Some people thought that resident cook Billy was a neo-maxi-zoom-dweebie, which is both dumb and bogus. The guy ran the joint and only hired cute chicks, duh.
Suddenly in the middle of the desert the UFO shaped building would come into focus, followed in the distance by the humming of some AOR melodic rock like La Marca’s ‘Hold on Blue Eyes’ playing loudly on a car stereo.
Pull into a parking spot and wait to be greeted by rollerskating waitresses in Big Kay’s tank-tops and miniskirts. One attribute which remained a standard at this place was the nonstop real-life montage happening from noon to night. Being at Big Kay’s was the closest you’ll get to living in a fully functional movie montage. People danced. Girls skated around your car.
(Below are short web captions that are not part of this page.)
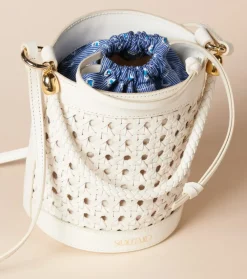 Femme Souleiado Sacs | Sac CAROLINA tressé
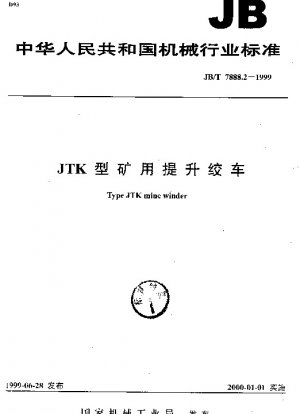 Type JTK mine winder
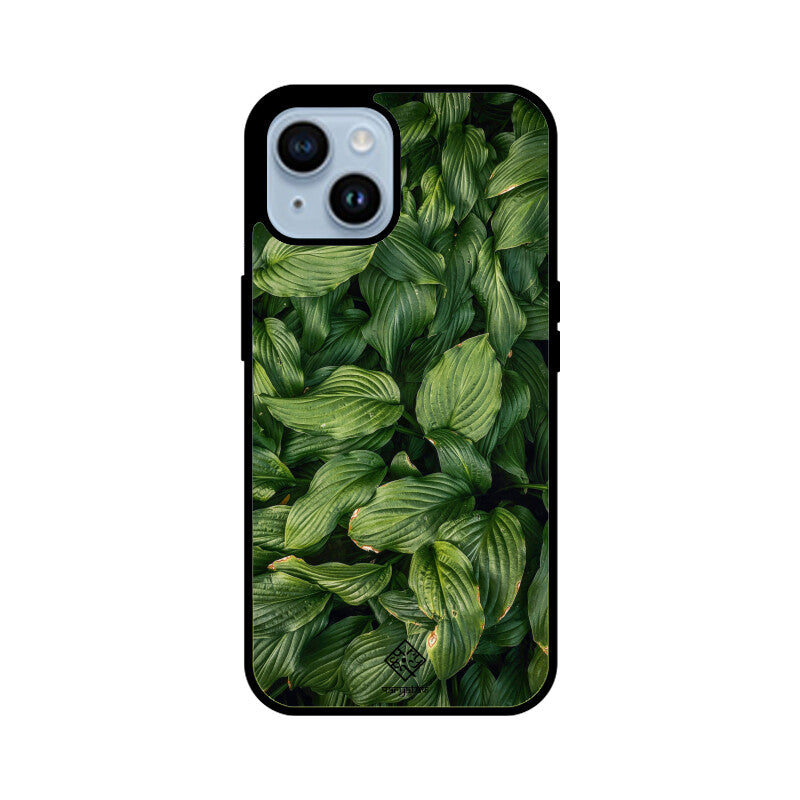 Livid Leaves iPhone Case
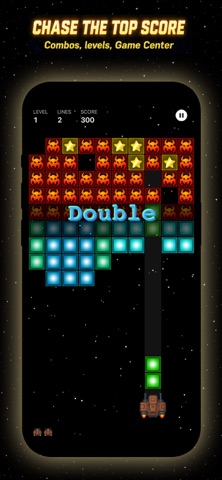 Block Blaster Arcade iPhone screenshot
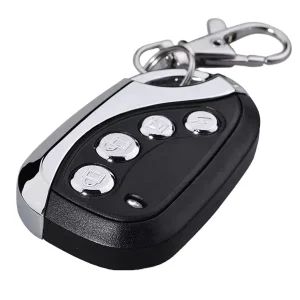 YET029 4 Buttons Learning Code 433mhz Wireless Garage Door Opener Remote Controller Transmitter and Receiver Industrial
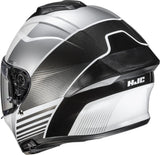 Full-Face Motorcycle Helmet Hjc C71 Advanced Polycarbonate Mc5 Morix Size 09 L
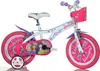 DINO Bikes - Bicicletta per bambini 14" 614GBA - Barbie Anteprima dell’immagine prodotto 1
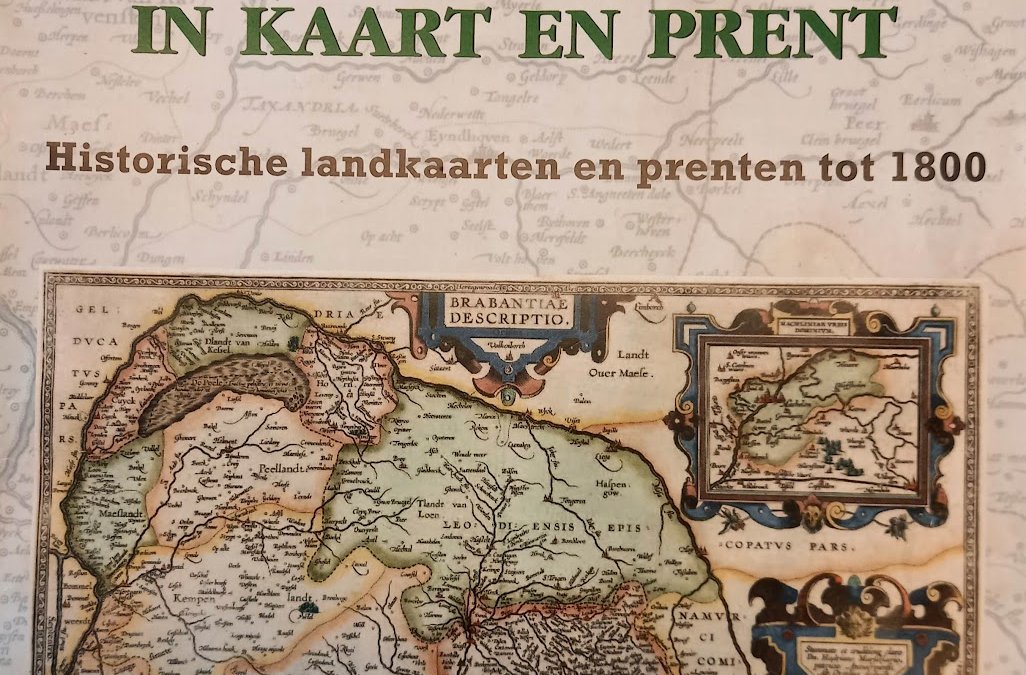 Lezing op 19 mei 2022 De kartering van het hertogdom Brabant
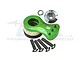 GPM Green Aluminium 25T Servo Horn SH025TM/MN-G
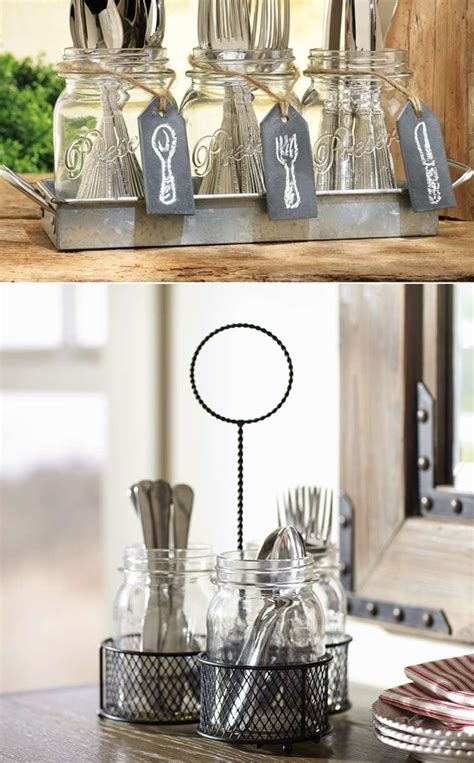 repurpose-mason-jars-flatware-storage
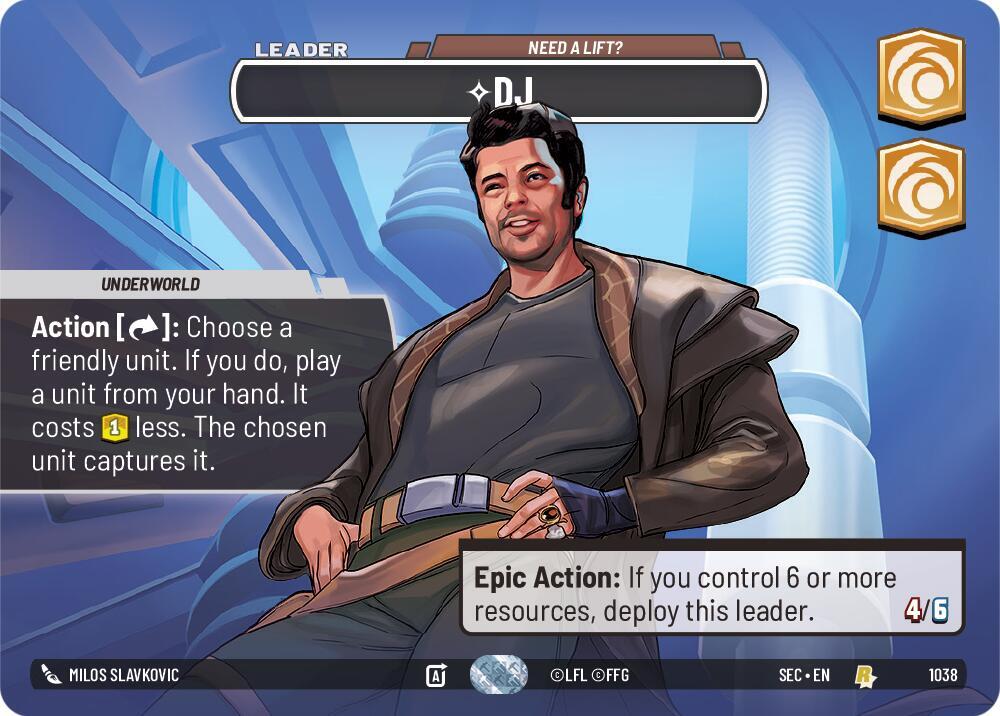 DJ - Need a Lift? (Showcase) [Secrets of Power] 1038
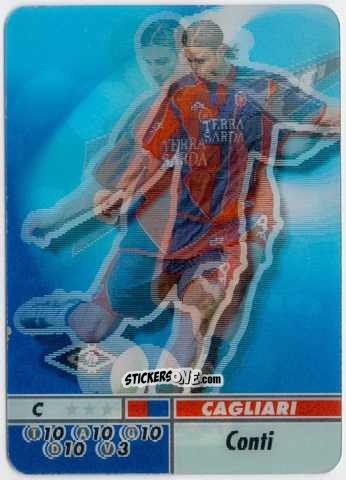 Sticker Daniele Conti - Calcio Animotion 2004-2005
 n. 46 - PROMINTER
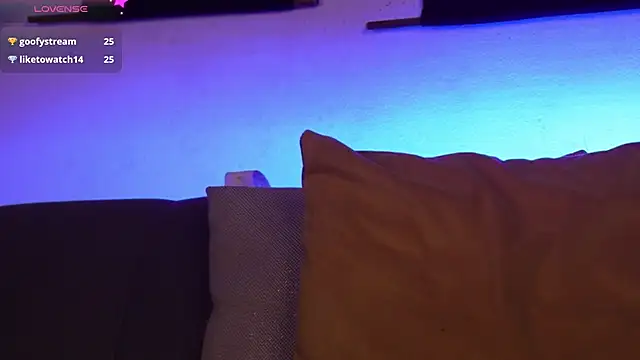 SylveonFox online show from 28, 10, 2025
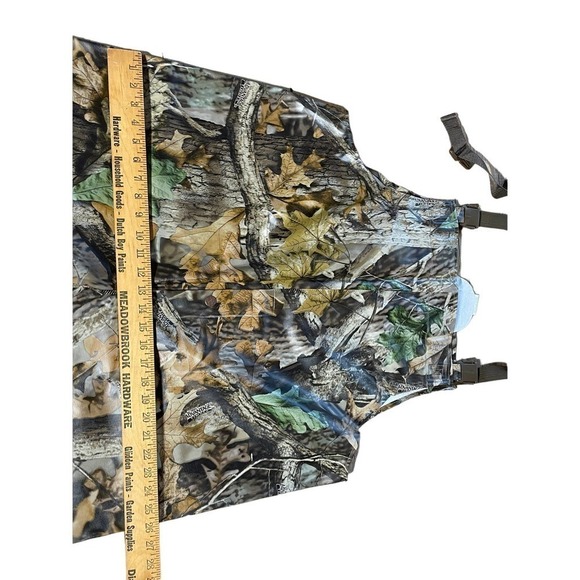 Stearns Dry Wear Rain pants/bibs/overalls. Camo print. Men's XL - Picture 6 of 6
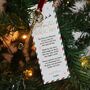 Personalised Magic Reindeer Food Kids Christmas Eve Box Stocking Filler Wildlife Safe, thumbnail 6 of 9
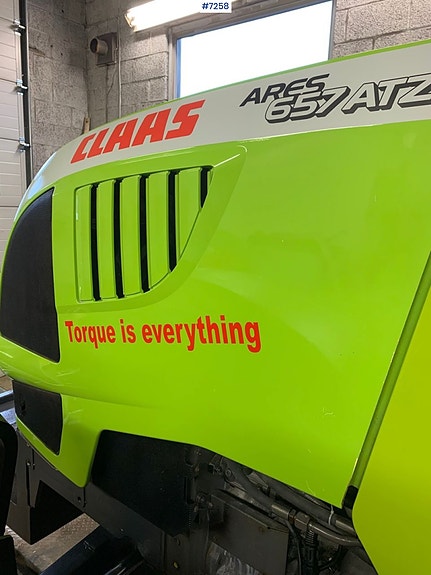 Claas Ares 657 ATZ 16 of 30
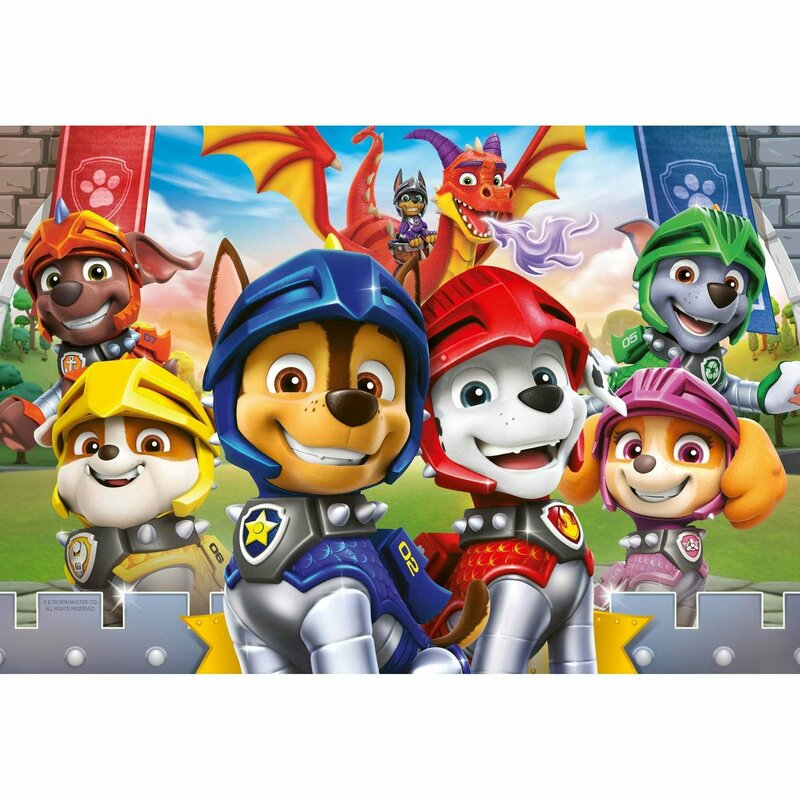 Ravensburger - puzzle patrula catelusilor 1, 35 piese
Guys snapped their fingers and tipped their sunglasses every couple minutes.
In the excruciatingly hot kitchen Billy slung burgers and chili dogs. He’d toss patties over his shoulder, sending them splatting to the grill. Pickles flew through the air. Streams of ketchup and mustard were shooting to the ceiling. Hot weiners flopped into toasty buns. It looked like an episode of Super Sloppy Double Dare. With all the chaos he still managed to get everyone’s orders correct, even bully Packard Walsh’s special order (extra mayo and thousand island), just the way he likes ’em.
On certain nights an eerie mist surrounded Big Kay’s which was unexplainable until a Turbo Interceptor showed up in town and started killing off all of Packard’s goons. No one complained because Packard was a huge asshole, especially to Big Kay’s “Babe of the Century”, the dreamy Keri.
Behold, the Turbo Interceptor (the only one in existence)…
Word to the wise for those of you making the drive to Big Kays: don’t pull up in your momma’s Volvo or fat-ass minivan. If you’re desperate, have her drop you off at least 1/2 a mile away down the street and walk the rest of the way. Trust Uncle T.
♥ ♥ ♥
On behalf of all the fans of this movie, TNUC would like to wish a Happy 30th Anniversary to THE WRAITH which celebrates it’s big birthday later this year.
[Local-Hot-Spot-Of-The-Month is a adrenaline-thrusting history lesson and celebration of signature hangout spots one might recognize from television, film or real life. Our objective is to not just rediscover and dissect these places, but more importantly create a feeling like you’re really there. Take your time with these entries. Hang out. Turn some music on.